- **EXCERPTED DATA**

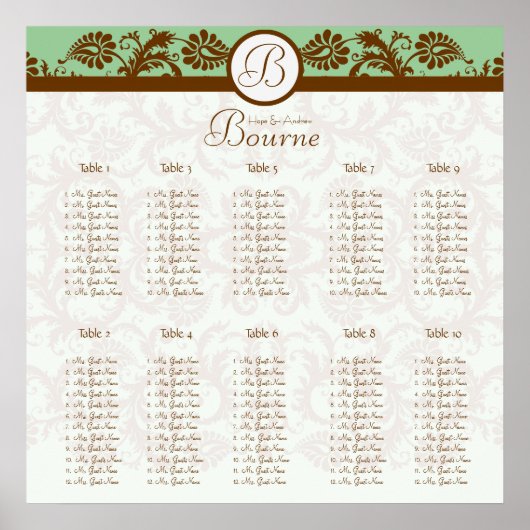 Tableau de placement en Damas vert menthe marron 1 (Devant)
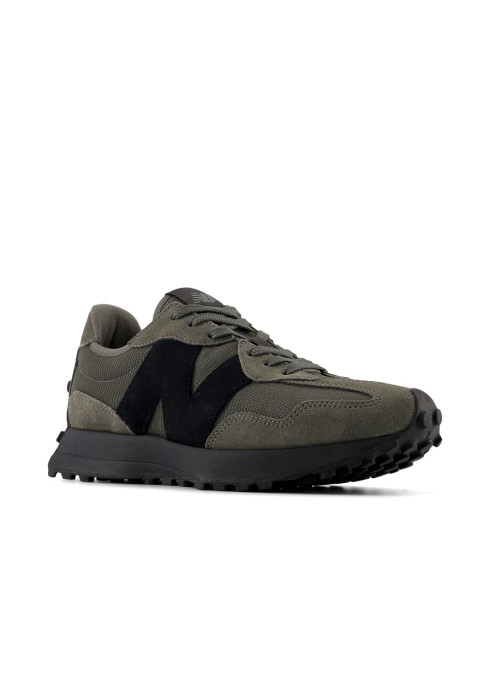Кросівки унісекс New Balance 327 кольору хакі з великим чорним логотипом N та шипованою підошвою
...
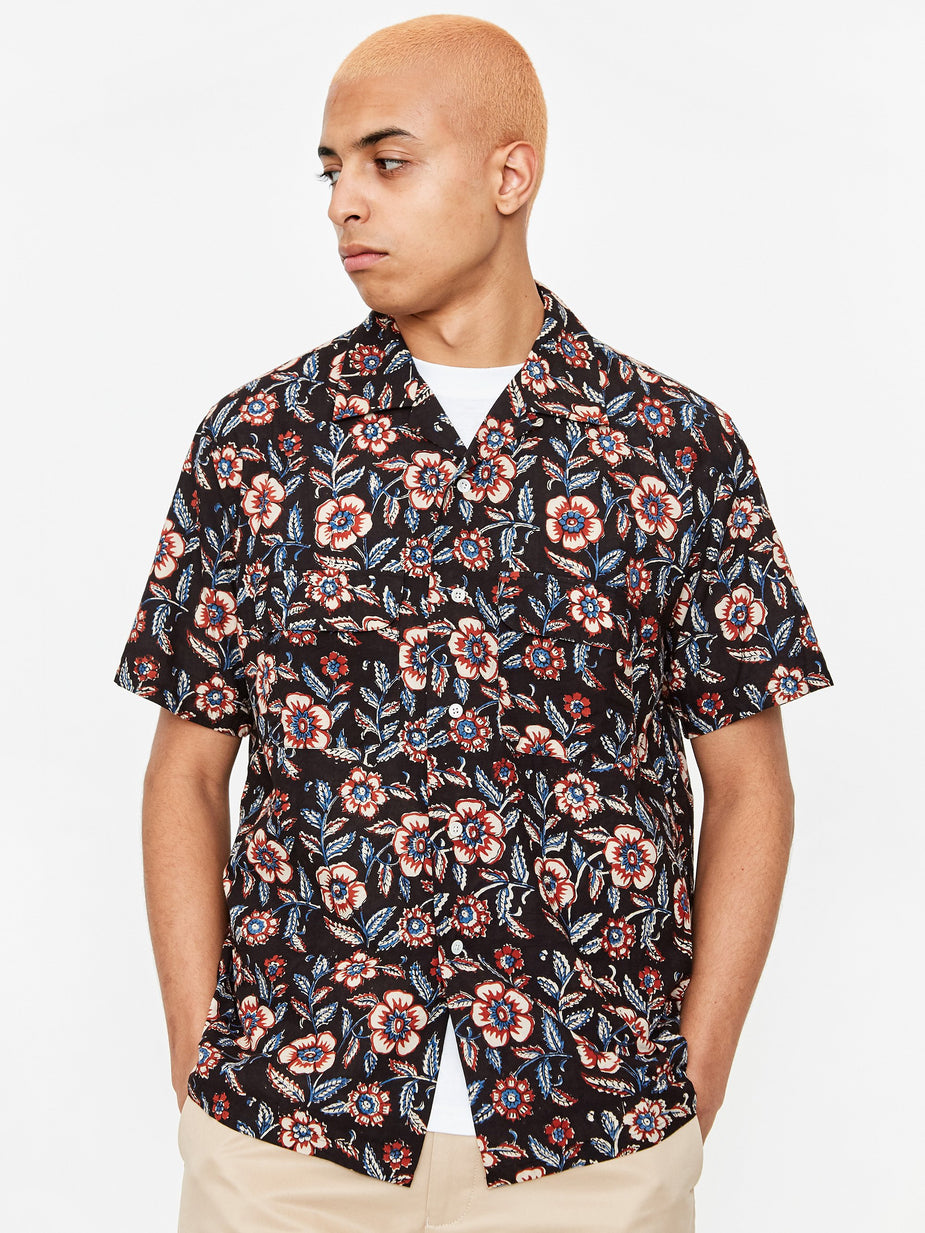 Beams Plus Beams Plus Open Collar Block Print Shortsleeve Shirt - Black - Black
==
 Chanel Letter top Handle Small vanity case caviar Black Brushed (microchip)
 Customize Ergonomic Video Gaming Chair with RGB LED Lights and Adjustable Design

- **WORK TO COMPLETE**
Working from the records above, write out verbatim only the lines from the line containing "Chanel Letter top" through the line containing "Customize Ergonomic Video".

- **ANSWER TO THIS EXERCISE**
 Chanel Letter top Handle Small vanity case caviar Black Brushed (microchip)
 Customize Ergonomic Video Gaming Chair with RGB LED Lights and Adjustable Design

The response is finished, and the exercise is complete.